漁師たちは舟を操ることで手一杯だったとしても、大工ひとりを起こしたところで当てにならないことぐらい重々承知です。大騒ぎをされるよりも寝ていてくれたほうがむしろ助かるぐらいです。
それでも弟子たちが起こそうとするものですから、イエス様はとうとう起き上がって「黙れ、静まれ」と叱られました。聖書は後から書かれたのでイエス様が風と湖に命じられたと明らかにしていますが、まずはその声を聞いた弟子たちが身を縮めたことでしょう。寝入っているのを邪魔したので怒られたかと思いきや、なんと風や湖までが恐縮して静まったというのですから驚きです。
さすがにこれには漁師たちも肝を抜かれたことでしょう。波風だって任せてくださいと、湖の上ならイエス様より自分たちのほうが物事をわきまえているつもりでした。大工風情に舟のことなど分かるはずもないと、寝るがままにさせていたのです。
これが儀式のような仕草を重ねながら長々と祈りを唱えて「風よ静まれ」と叫んだのであれば、ユダヤ人である弟子たちは預言者のわざを期待したことでしょう。ところが寝起きに弟子たちへ物を言いつけるようなひと言だけで、いともたやすく湖を静まり返らせてしまったので「いったい、この方はどなたなのだろう」と絶句したのです。

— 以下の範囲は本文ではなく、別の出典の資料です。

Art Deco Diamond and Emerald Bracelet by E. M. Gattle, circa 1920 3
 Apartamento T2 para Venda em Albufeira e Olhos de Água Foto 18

預言者であればいくら優れていてもイエス様は自分たちと同じ人間ですが、想像をはるかに超えた存在であると改めて弟子たちは知ることになりました。その様子は「弟子たちは非常に恐れて」(41)と記されています。直訳を試みますと「大きな恐れを恐れた」と書かれており、恐れに恐れを重ねた弟子たちの胸の内が刻まれているようです。

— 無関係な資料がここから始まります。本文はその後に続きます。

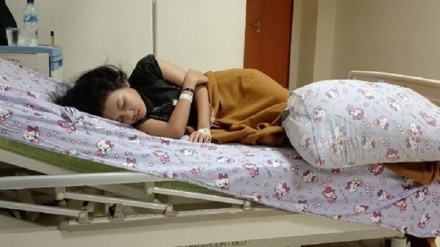 د انډونیزیا انجلۍ دیارلس ورځې ویده وي 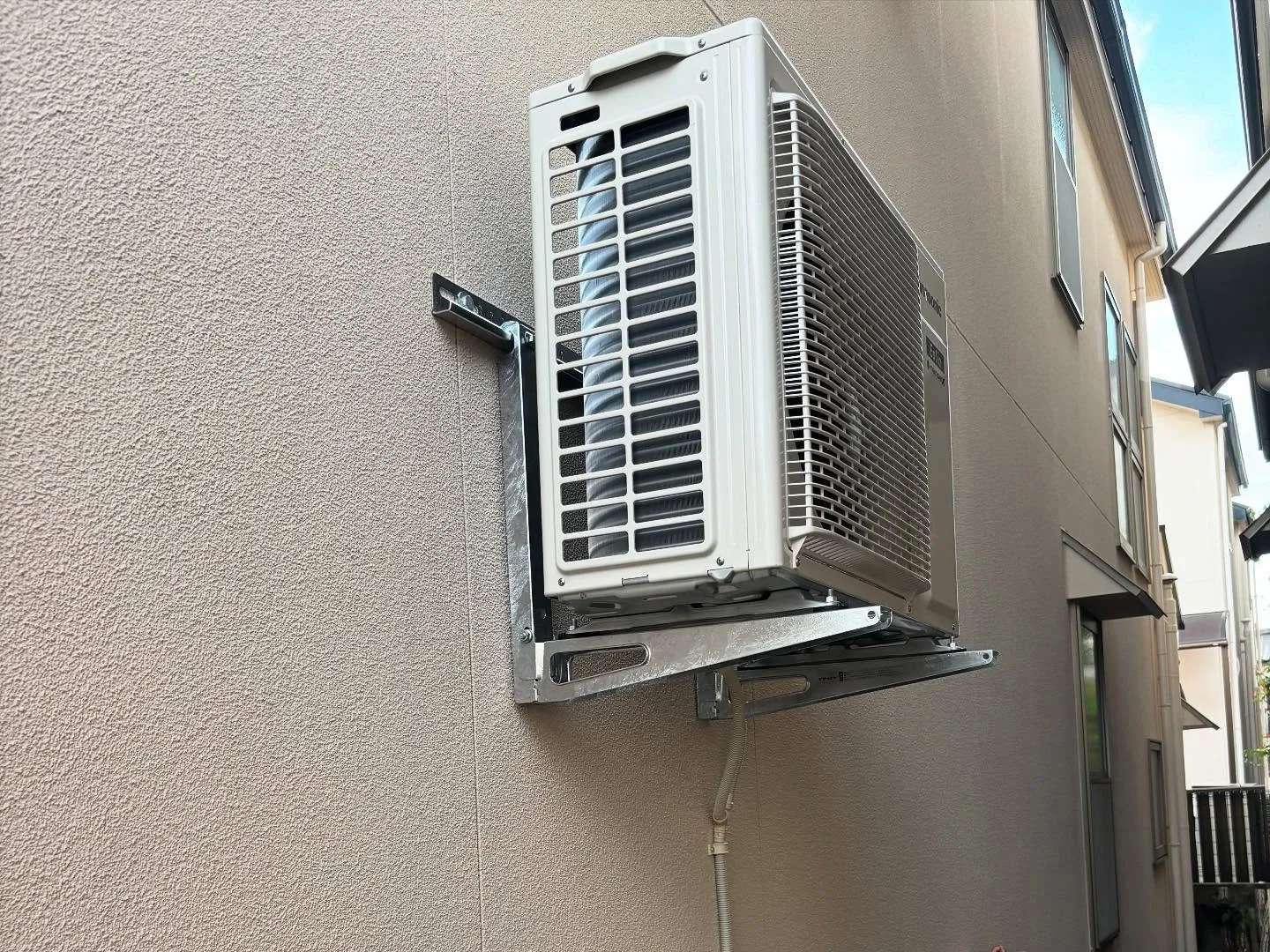 名古屋市のT様邸でのエアコン工事です。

恐ろしさのあまり心の底から震え上がった弟子たちは、イエス様に向けて口を開くことができず互いに一言二言かわすのが精いっぱいだったという次第です。
2.この方はどなたなのだろう
神様を信じるか信じないかという話になりますと、しばしば「奇跡を見せてくれるなら信じてもいい」と言われる方にお目にかかることがあります。果たして私たちは見たものをそのまま神様のみわざであると信じることができるものでしょうか。

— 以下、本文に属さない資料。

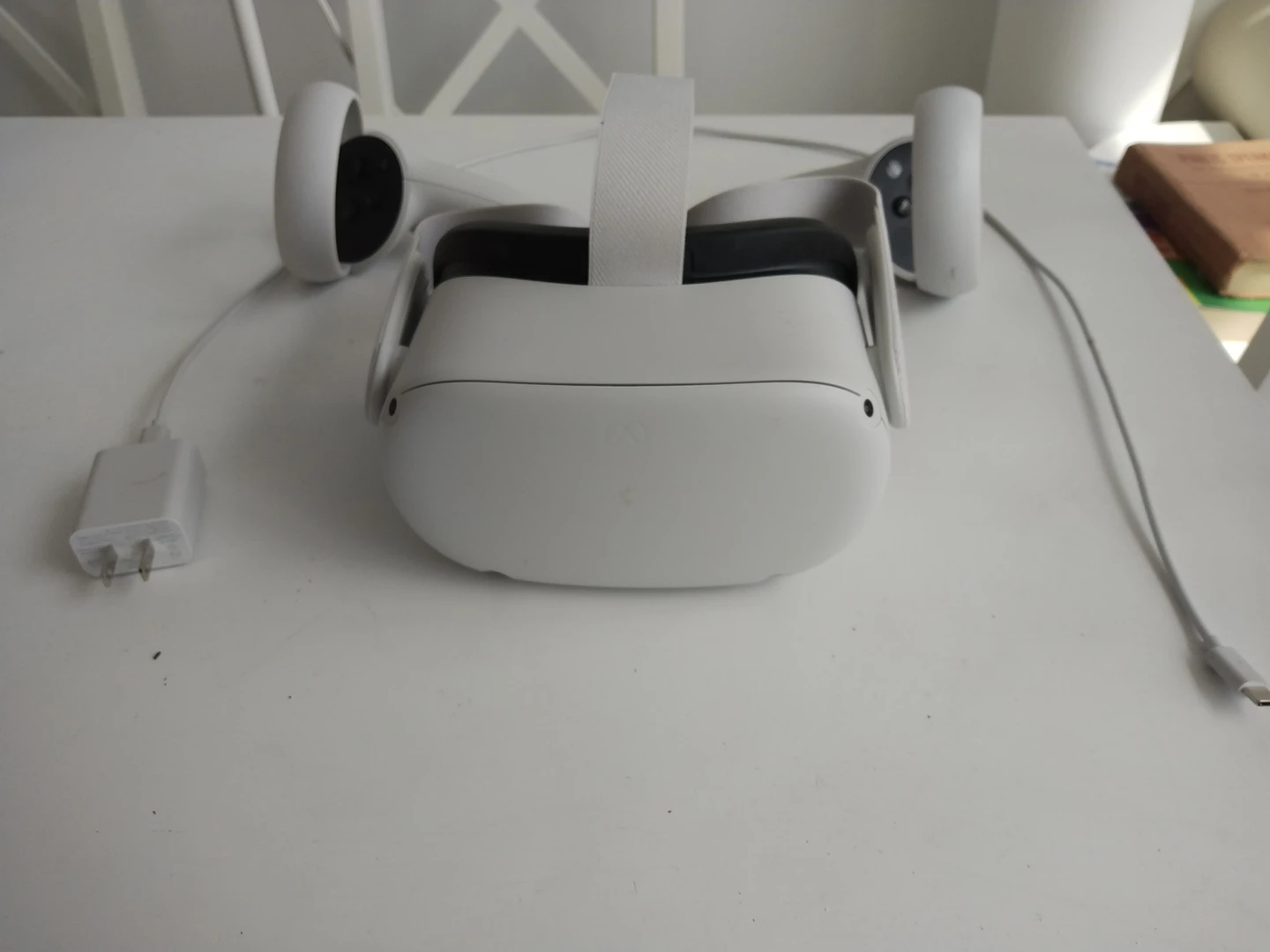 Oculus Quest 2 Meta 2 Complete Original Cleaned thumbnail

「いったい、この方はどなたなのだろう」と互いに口にした弟子たちは、普段からイエス様と癒しのわざを見ていました。あまりにも身近すぎたので、自分たちの尺度で量ることしかできなかったものと思われます。
4人の漁師たちはイエス様がバプテスマを受けられる前から洗礼者ヨハネの門下にありましたので、ガリラヤ宣教を始められる前からナザレのイエスと知り合っていました。ヨハネが「見よ、神の小羊」と呼び、自らを「その方の履物のひもを解く値打ちもない」と述べたほどですから相当にすごい人であると知識としては知っていたのです。
実際に弟子となってみると、その教えぶりには権威があり多くの人が癒されるのですから最初のうちは驚くことだらけです。ところがそれが毎日のこととなれば少なからず慣れというものが生じるものです。
カファルナウムへイエス様が移り住んだのは弟子たちを探すためでしたが、故郷のナザレを離れたことにも事情がありました。カファルナウムでの逗留先は恐らくペトロの実家でしょう。弟子は食べ物の好みや普段の癖までほかの誰よりも知ることになります。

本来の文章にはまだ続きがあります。